Cross-Slice Knowledge Transfer via Masked Multi-Modal Heterogeneous Graph Contrastive Learning for Spatial Gene Expression Inference
Abstract
While spatial transcriptomics (ST) has advanced understanding of gene expression within tissue context, its high experimental cost limits large-scale application. Predicting ST from pathology images offers a promising, cost-effective alternative, yet existing methods often struggle to capture the complex spatial relationships across slides. To address the challenge, we propose SpaHGC, a multi-modal heterogeneous graph-based model that captures both intra-slice and inter-slice spot-spot relationships from histology images. It integrates local spatial context within the target slide and cross-slide similarities computed from image embeddings extracted by a pathology foundation model. These embeddings enable inter-slice knowledge transfer across slides.
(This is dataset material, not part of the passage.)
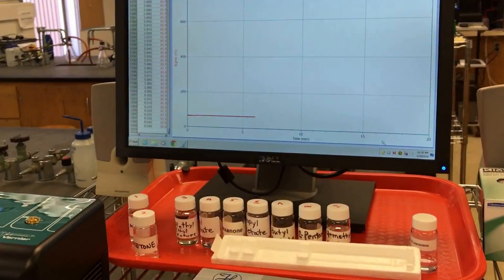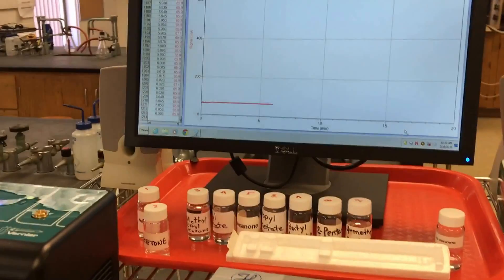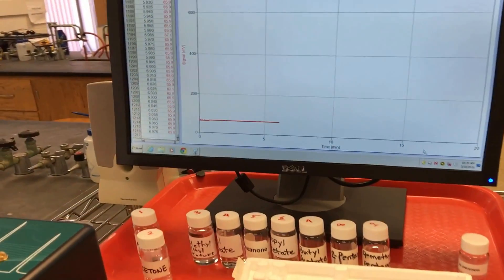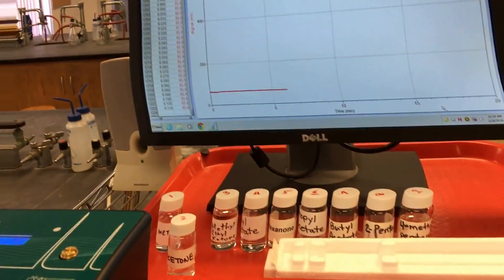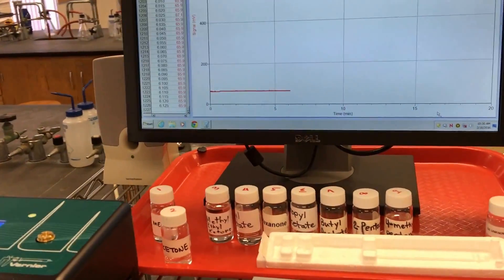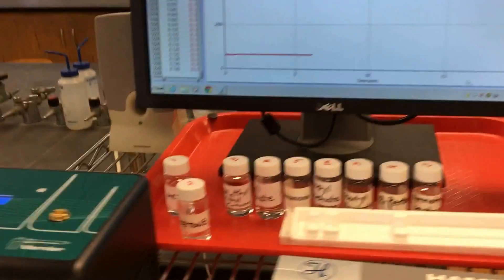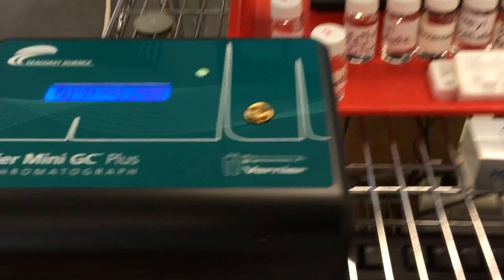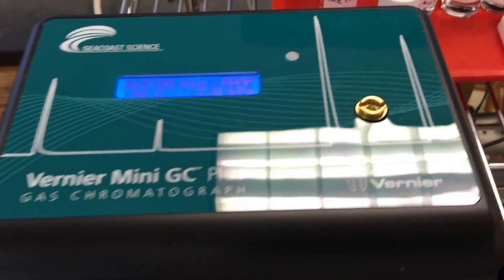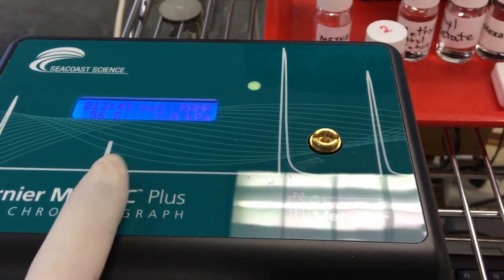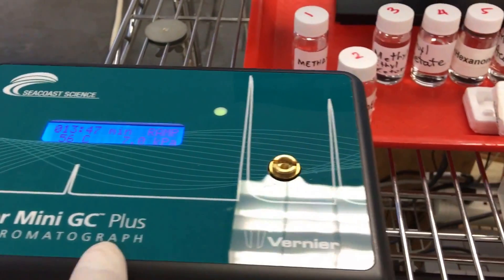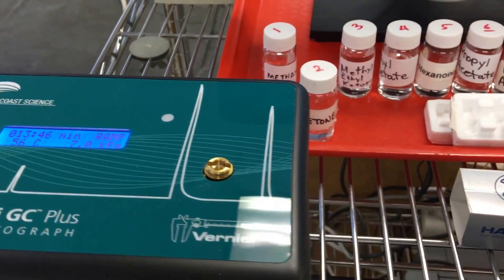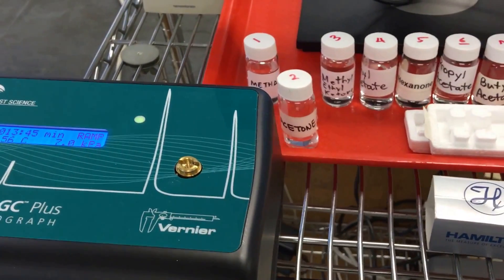Hi, I'm back. It's Thierry again. Today we continue on the GC Vernier GC Plus Gas Chromatography for our chemistry lab.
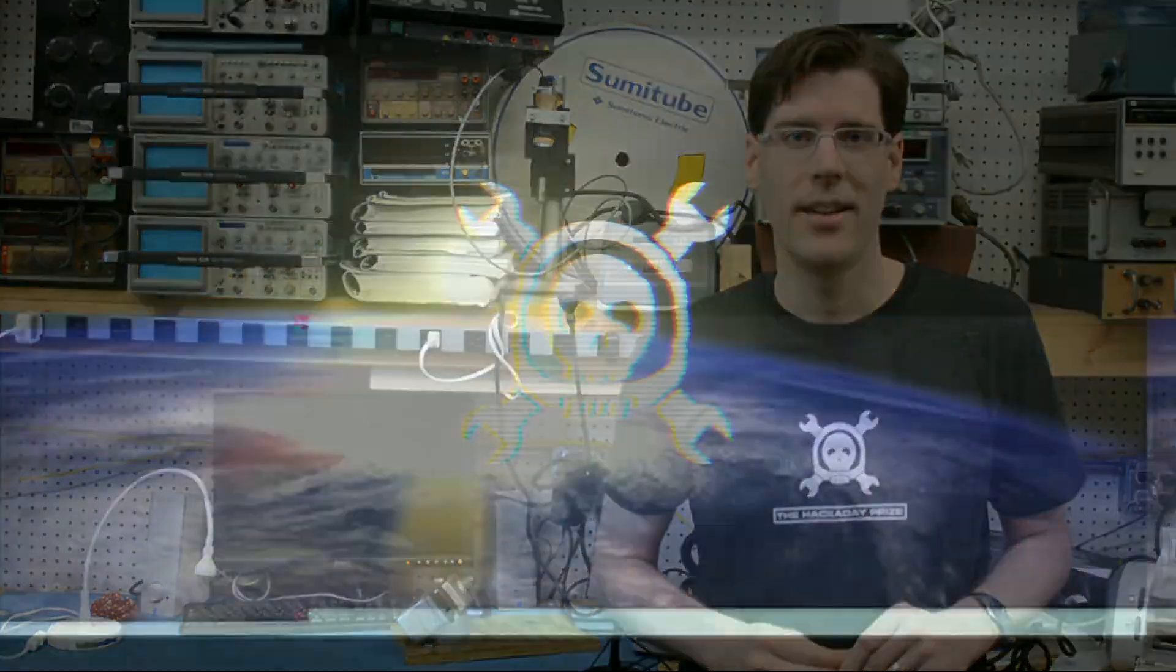Have you submitted your entry for the Hackaday Prize? You should. There's a trip to space on the line and it's really simple to get an entry started. I'm Mike and this is Hackaday.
Additionally, SpaHGC incorporates Masked Graph Contrastive Learning to enhance feature representation and transfer spatial gene expression knowledge from reference to target slides, enabling it to model complex spatial dependencies and significantly improve prediction accuracy. We conducted comprehensive benchmarking on seven matched histology-ST datasets from different platforms, tissues, and cancer subtypes. The results demonstrate that SpaHGC significantly outperforms the existing nine state-of-the-art methods across all evaluation metrics. Moreover, the model’s predicted ST profiles closely align with the ground truth data and accurately correspond to tumor regions. Additionally, the predictions are significantly enriched in multiple cancer-related pathways, thereby highlighting its strong biological relevance and application potential. Code availability and reproducibility details are in the Supplementary Materials.